* Records for the task *
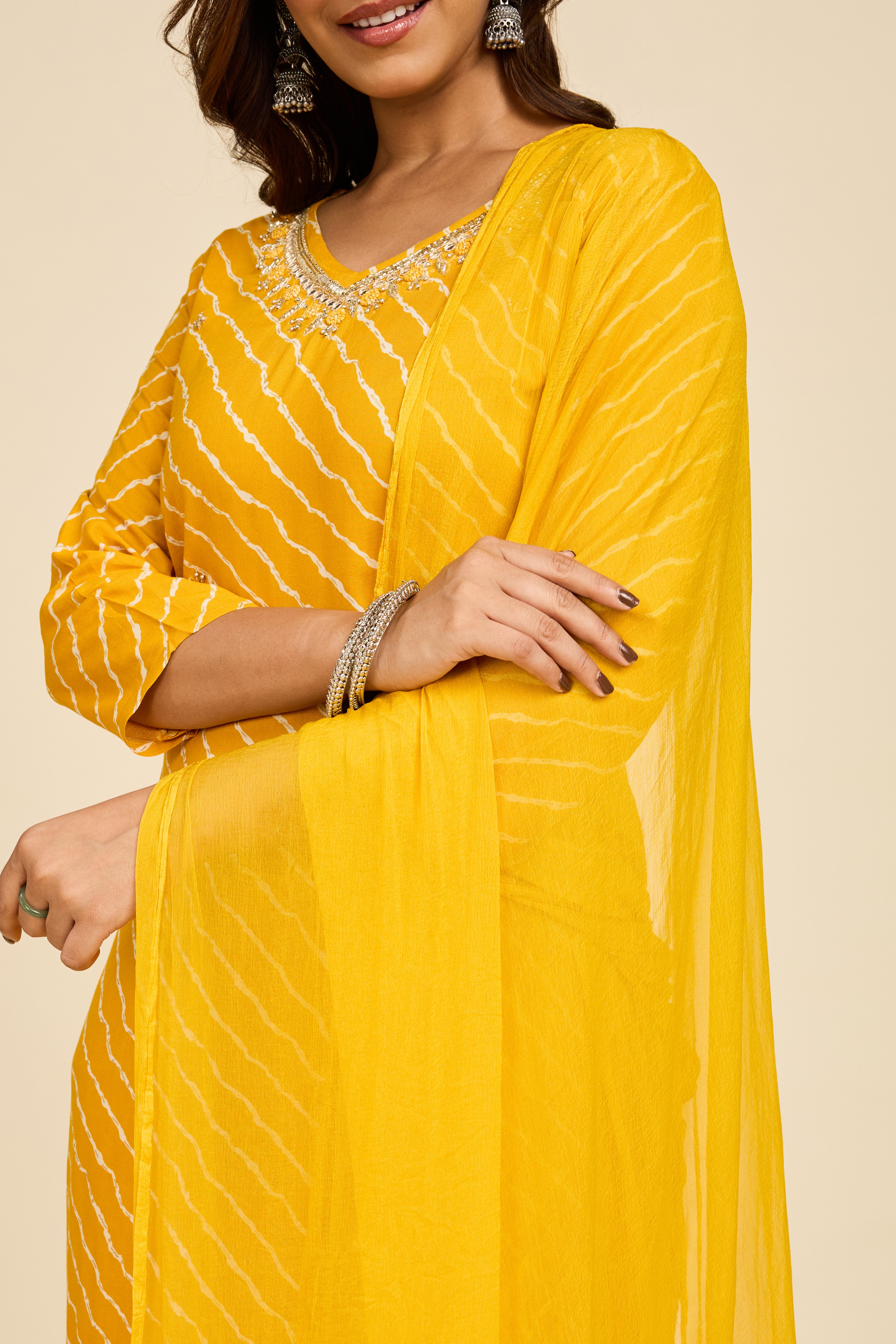 Alaya Select Haldi Leheriya Kurta Set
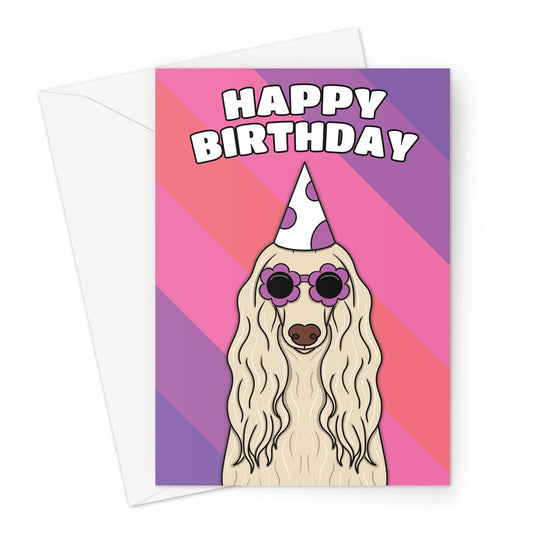 A playful and colourful birthday card featuring an adorable Afghan Hound dog wearing a party hat 
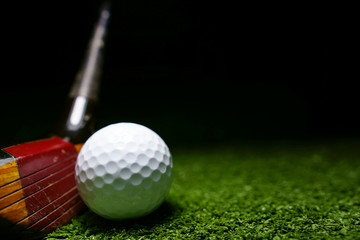 Golf clubs and golf balls is on the Putting Green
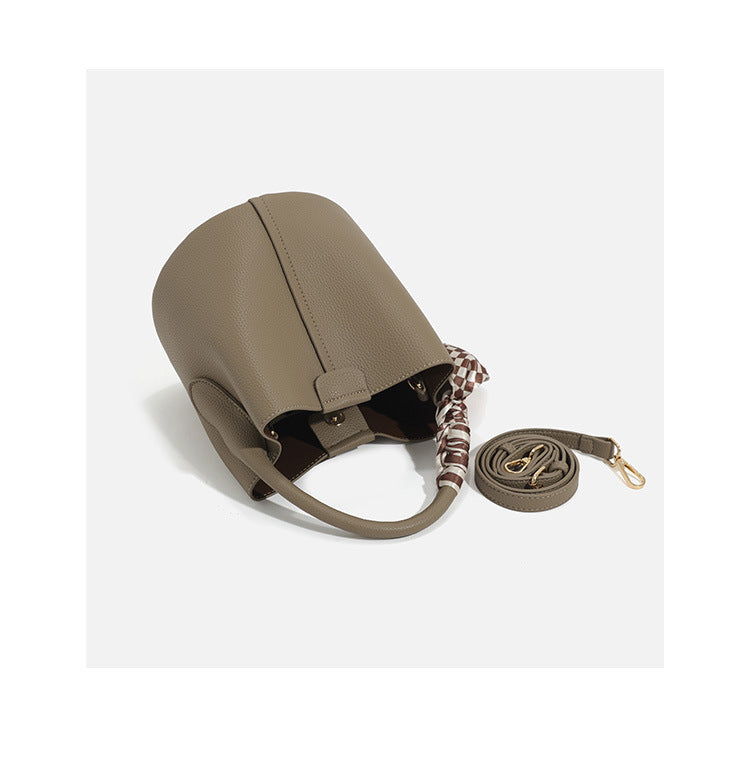 Pebbled leather-look bucket bag with checkered scarf-wrapped top handle, flap tab closure, gold-tone hardware, and matching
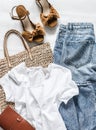 Women`s clothing summer - mom`s jeans, suede brown wedge sandals, white cotton t-shirt, eco bag straw on a light background, top Royalty Free Stock Photo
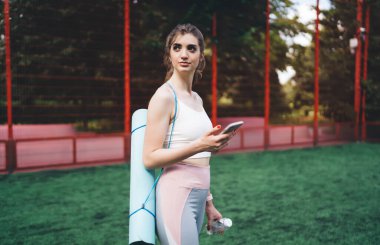 Yoga minderi ve su şişesiyle zinde genç bir kadın parkta akıllı telefon, teknoloji ve fitness konsepti kullanıyor.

* Try it *
Verbatim copy without images: write the records above out in full.

* Response below *
 Alaya Select Haldi Leheriya Kurta Set
 A playful and colourful birthday card featuring an adorable Afghan Hound dog wearing a party hat 
 Golf clubs and golf balls is on the Putting Green
 Pebbled leather-look bucket bag with checkered scarf-wrapped top handle, flap tab closure, gold-tone hardware, and matching
 Women`s clothing summer - mom`s jeans, suede brown wedge sandals, white cotton t-shirt, eco bag straw on a light background, top Royalty Free Stock Photo
 Yoga minderi ve su şişesiyle zinde genç bir kadın parkta akıllı telefon, teknoloji ve fitness konsepti kullanıyor.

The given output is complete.